Everything in the universe, from the smallest fern leaf to global financial exchanges, is just equilibrium. Everything is based on a certain form of balance, even if it is minimal. The more secure a medium is, the less profitable it will be. So if the gains and returns from cryptocurrencies can be very large, the risks will probably be large on the other side as well… It’s a matter of balance. We cannot forget that the cryptocurrency market is still developing.
Disadvantages of using cryptocurrencies
The digital currency continues to develop strongly, however, it still has drawbacks in its use, among which we can mention:
irreversible payments
Due to their nature and the principle of irreversibility that governs them, any error that occurs when transferring a certain amount of digital currencies is impossible to change or correct. In other words, if an error is made regarding the amount to be transferred or the recipient who is the object of the transfer, it will simply remain that way. Without a doubt, this is one of the biggest drawbacks of using cryptocurrencies. In fact, the only possible way to correct the situation is for the person who receives the import by mistake to return it and then redo the transfer with the correct data.
Not a universally accepted payment method
Despite the rapid growth and boom with which these relatively new digital assets have been developed, there is still a large commercial sector where they are still not accepted. Many physical stores do not know or are not able to accept payments in cryptocurrencies. Also, the number of websites and companies that trade digital currencies is not big enough. If you want to make online purchases with digital currencies, you must first identify the vendors that accept them.
Principal Loss Risk
Cryptocurrencies, regardless of their type, are store in a personal digital wallet of each user. This wallet is protected by blockchain technology. As well as a secret entry key held solely and exclusively by the owner of the crypto. However, if the wallet is lost for any reason internal or external to the computer system where it is host, the loss of the assets is final. There is no way to recover lost digital currencies.
Exposure to scams
Another inconvenience that the use of cryptocurrencies entails is associate with being a victim of theft or scams. Even though blockchain technology is consider the most secure yet, it cannot anticipate or prevent mistakes by its users. In other words, if a user’s private key is accidentally in someone else’s possession, it could be use for theft or fraud. Another case where the holder’s capital loss is definitive.
high volatility
Although perhaps for some optimists high volatility only represents an advantage to their investments, the reality is that it also represents a serious drawback. It is undeniable that thanks to this high volatility, the value of cryptocurrencies such as Bitcoin has skyrocketed on many occasions. However, it is no less true that it has also suffered serious falls or drops in its valuation that has caused the ruin of many. For this reason, cryptocurrencies are not consider a reliable trading currency.

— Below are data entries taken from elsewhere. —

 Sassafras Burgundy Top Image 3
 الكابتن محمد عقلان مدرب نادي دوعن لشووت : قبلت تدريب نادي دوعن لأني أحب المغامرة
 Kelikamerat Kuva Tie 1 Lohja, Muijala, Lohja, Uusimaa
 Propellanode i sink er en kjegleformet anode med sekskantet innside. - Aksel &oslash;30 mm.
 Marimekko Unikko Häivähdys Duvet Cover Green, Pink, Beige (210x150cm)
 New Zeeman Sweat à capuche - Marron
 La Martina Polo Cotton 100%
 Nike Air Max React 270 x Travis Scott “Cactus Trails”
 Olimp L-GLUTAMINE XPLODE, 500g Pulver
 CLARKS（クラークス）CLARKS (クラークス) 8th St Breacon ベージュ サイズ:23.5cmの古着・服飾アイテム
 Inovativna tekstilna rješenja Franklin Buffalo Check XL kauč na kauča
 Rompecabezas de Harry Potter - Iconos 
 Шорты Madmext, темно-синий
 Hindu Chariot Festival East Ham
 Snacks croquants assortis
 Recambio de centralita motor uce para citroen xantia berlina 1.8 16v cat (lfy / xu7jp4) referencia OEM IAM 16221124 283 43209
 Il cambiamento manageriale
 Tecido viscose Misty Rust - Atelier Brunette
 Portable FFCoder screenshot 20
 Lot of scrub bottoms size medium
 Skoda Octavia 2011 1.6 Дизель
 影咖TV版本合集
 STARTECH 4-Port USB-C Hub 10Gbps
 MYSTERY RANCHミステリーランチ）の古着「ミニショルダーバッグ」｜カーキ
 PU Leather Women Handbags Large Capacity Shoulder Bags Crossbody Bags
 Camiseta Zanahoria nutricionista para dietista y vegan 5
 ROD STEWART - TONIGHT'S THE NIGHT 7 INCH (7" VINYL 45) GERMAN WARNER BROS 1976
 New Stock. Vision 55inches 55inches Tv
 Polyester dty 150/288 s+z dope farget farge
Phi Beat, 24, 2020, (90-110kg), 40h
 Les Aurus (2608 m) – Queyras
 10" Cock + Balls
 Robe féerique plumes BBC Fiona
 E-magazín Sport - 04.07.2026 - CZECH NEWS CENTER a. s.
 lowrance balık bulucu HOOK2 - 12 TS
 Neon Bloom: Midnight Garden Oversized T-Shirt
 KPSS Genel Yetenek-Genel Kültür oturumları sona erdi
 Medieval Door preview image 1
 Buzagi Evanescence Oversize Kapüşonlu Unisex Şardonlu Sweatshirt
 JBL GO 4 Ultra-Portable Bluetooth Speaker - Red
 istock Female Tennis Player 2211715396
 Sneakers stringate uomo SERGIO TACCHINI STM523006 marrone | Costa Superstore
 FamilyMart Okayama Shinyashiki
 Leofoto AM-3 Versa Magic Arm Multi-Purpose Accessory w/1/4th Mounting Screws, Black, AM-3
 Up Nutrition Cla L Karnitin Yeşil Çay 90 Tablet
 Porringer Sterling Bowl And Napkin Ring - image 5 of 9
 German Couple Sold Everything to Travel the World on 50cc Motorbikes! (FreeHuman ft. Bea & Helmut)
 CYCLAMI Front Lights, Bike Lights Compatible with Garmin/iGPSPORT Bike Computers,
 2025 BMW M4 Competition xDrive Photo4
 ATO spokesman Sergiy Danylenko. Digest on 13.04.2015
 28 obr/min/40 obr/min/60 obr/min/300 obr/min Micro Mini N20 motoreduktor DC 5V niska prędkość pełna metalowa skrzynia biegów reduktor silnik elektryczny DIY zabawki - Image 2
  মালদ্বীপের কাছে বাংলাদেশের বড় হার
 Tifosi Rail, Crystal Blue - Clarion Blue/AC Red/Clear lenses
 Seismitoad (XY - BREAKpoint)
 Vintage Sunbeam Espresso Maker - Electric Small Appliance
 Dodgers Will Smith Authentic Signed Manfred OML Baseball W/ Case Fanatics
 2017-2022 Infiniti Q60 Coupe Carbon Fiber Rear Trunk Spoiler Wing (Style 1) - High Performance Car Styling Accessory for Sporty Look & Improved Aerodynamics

Lack of institutional framework
One of the main disadvantages of cryptocurrencies, for a large part of the users of these digital assets, is that both their issuance (mining) and their circulation do not have any control by a government or central bank. However, today many agree that central banks should somehow regulate cryptocurrency transactions, and provide an institutional framework that regulates the operations of the digital asset market.
Possibility of its use in illegal activities
One of the biggest fears expressed by some sectors of the cryptocurrency user community is the increasing possibility of its use in illegal activities. And unfortunately, they are not entirely far from reality. Since thanks to the confidentiality and anonymity provided by its operations where it is not necessary to provide personal data of those who operate with these crypto actives, it is possible to use them for anything. Even, through the use of appropriate techniques, the “traces” of transactions, such as the financing of terrorism, can be eliminate.
reduced reliability
Another weakness of cryptocurrencies is the lack of reliability in their soundness, since they are not traditional currencies issue by a central bank based on specific rules. Furthermore, they are also not back by an institution that can act as an emergency lender, or guarantor of the funds such as a central bank. However, credibility is something that is build over time and thanks to this there are more than enough cryptocurrencies in the market.
lack of valuation
The importance and usefulness of cryptocurrencies rests on the assessment made of them. The same is true of other types of assets such as stocks and bonds. However, in the case of cryptocurrencies, this valuation will depend on several factors such as: supply and demand, user sentiment, and in many cases the opinion of financial market leaders who have a decisive influence on their price. .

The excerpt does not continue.